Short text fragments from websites
==============================

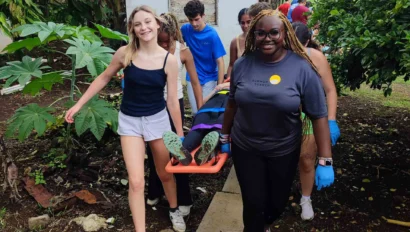 A group of students and medical professionals, during a medical study abroad program in Costa Rica, carrying a person on a stretcher along a garden path, with greenery and a small shed in the background.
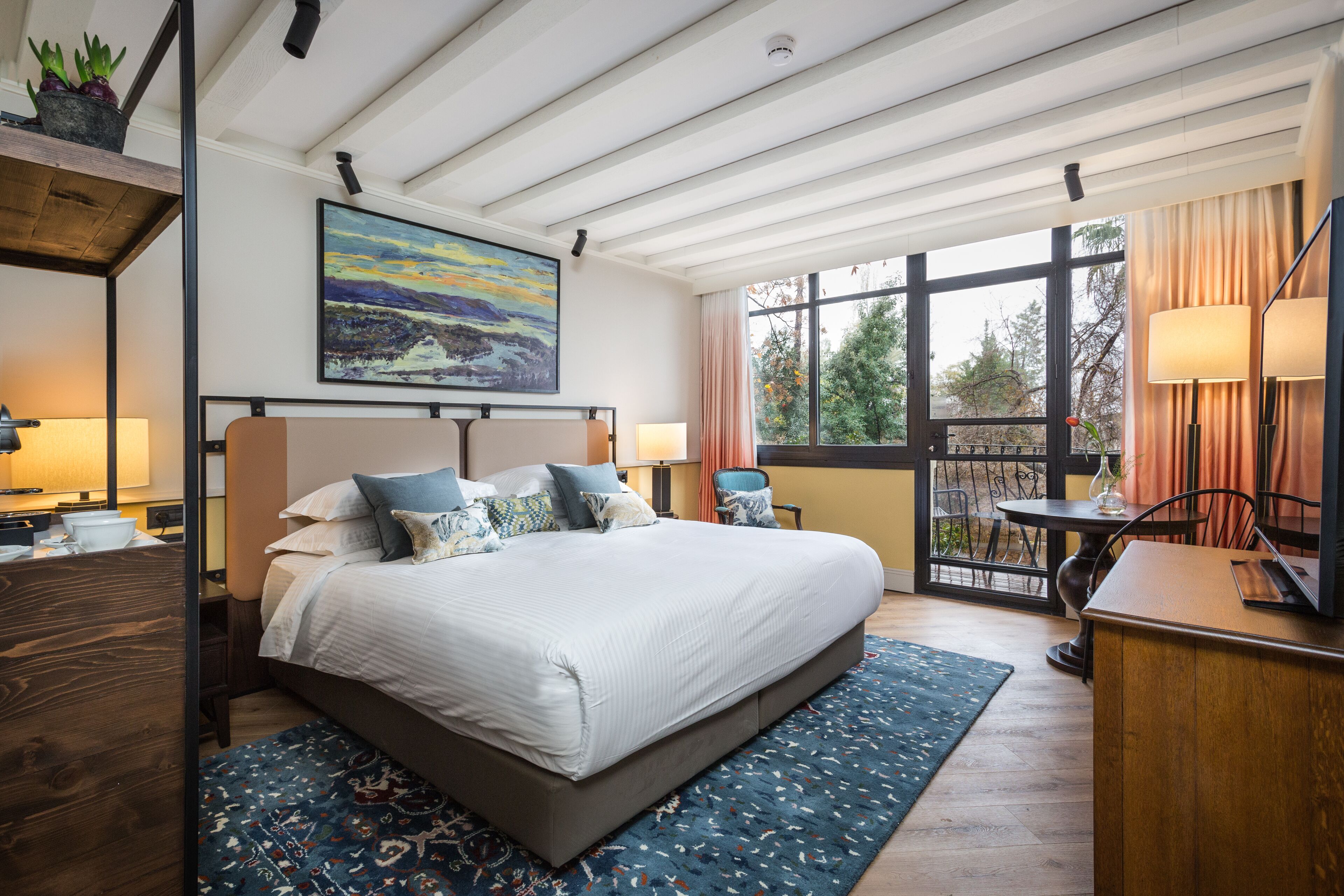 A modern bedroom with a large bed, a desk, and a view of the outdoors.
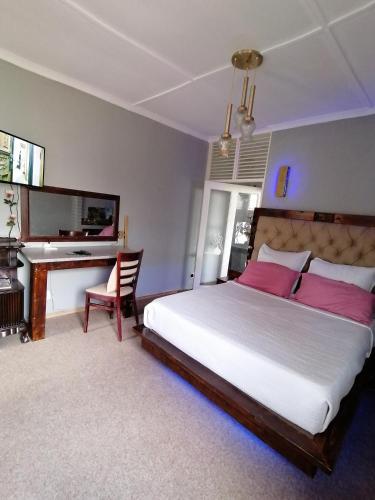 a bedroom with a large bed and a desk at Adirondack Inn in Estcourt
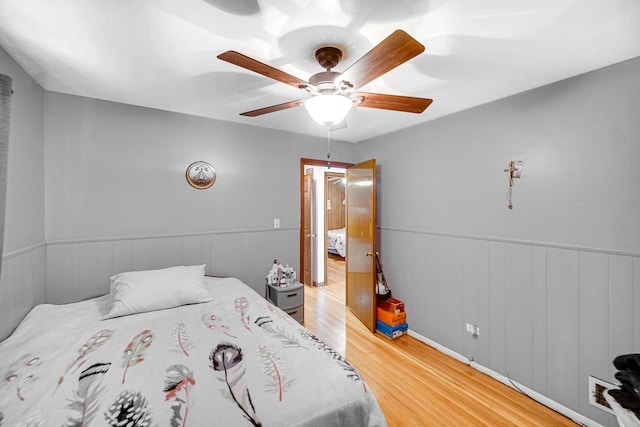 bedroom featuring ceiling fan and hardwood / wood-style floors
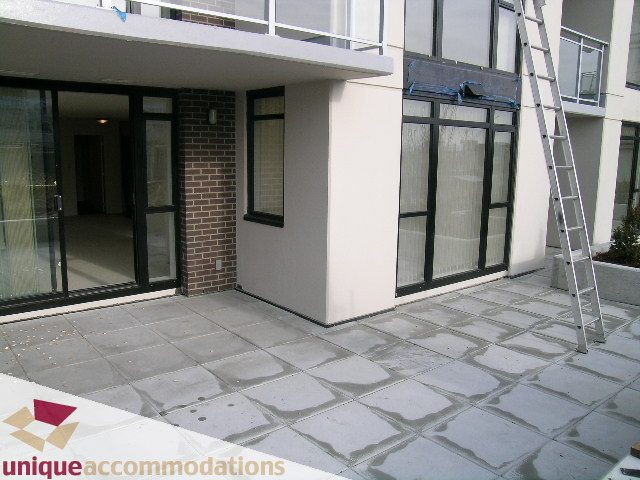Furnished living room with large windows, modern design, and tiled patio. - 108 - 175 West 1st Street, North Vancouver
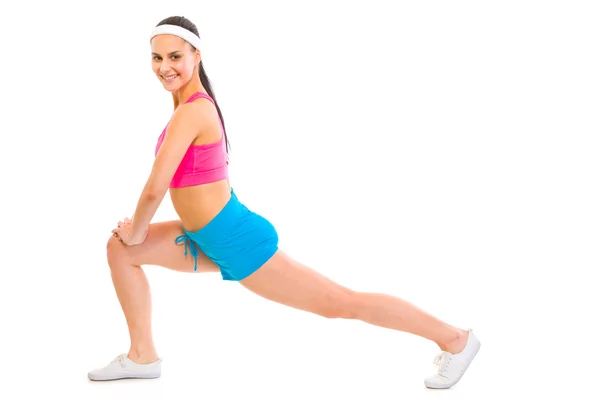 Ritratto a figura intera di femmina fitness sorridente facendo stretching — Foto Stock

==============================

◆ **Exercise requirements**
Beginning at the line that holds "bedroom featuring ceiling" and ending with the last line of the entries, please set down each line exactly, leaving every picture out.

◆ **Written reply**
 bedroom featuring ceiling fan and hardwood / wood-style floors
Furnished living room with large windows, modern design, and tiled patio. - 108 - 175 West 1st Street, North Vancouver
 Ritratto a figura intera di femmina fitness sorridente facendo stretching — Foto Stock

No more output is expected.